What have you read that makes you think it can be done soon?


First, there is a soon to be testable hypothesis, is the Human Mind in fact already an example of a quantum biocomp?

Second, can human minds be linked?

This is actually a given, we already communicate, the question really revolves around a new type of linkage that mimics web technology.

Third, how fast the interface to the brain can be developed as in the hippocampal implant and the corrolary and ancillary developments this approach provides.

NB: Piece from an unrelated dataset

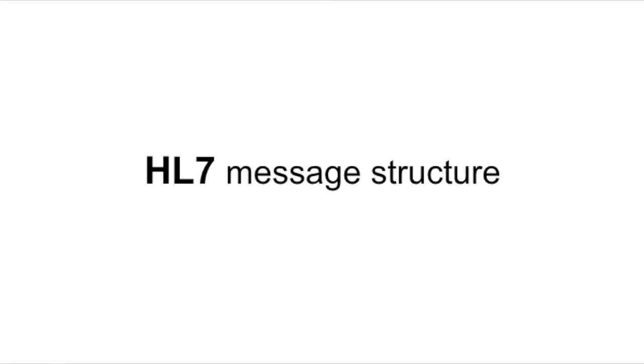The next video will be the first example in this series where we're going to create our first channel with Mirth Connect and see how we can send HL7 messages through a Mirth channel. See you next time.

Fourth, can software be created that allows direct communication between a sentient human and an Artificial Intelligence?

Again this parallel development is beginning to accelerate well ahead of both theoretical mathematics and the applied computer languages, by the very simple expedient of mimicking already existing models evolved through nature.

Also it appears the actual "program language" of physiology is remarkably simple. Simple the way a brick is. Each brick in itself is quite mundane, but can be assembled in fantastically diverse and complicated manners. Our bodies function with "simple programs" that are assembled into remarkably diverse applications; DNA/RNA and the synaptic neurophysiological interface.

Fifth, what will occur once human minds interface with each other AND the Web? Will this herald just a lot of talk, or a quantum leap in computation power by the members of the link?

If you haven't noticed I have avoided the evolutionary biology arguments of Lovelock and other GAIA theorists that this is also a product of Natural Selection for a biological Singularity.

I am still unprepared to make that argument but evidence is mounting that we are at least being subjected to a specie's wide universal meme of tremendously powerful "self prophetic" character.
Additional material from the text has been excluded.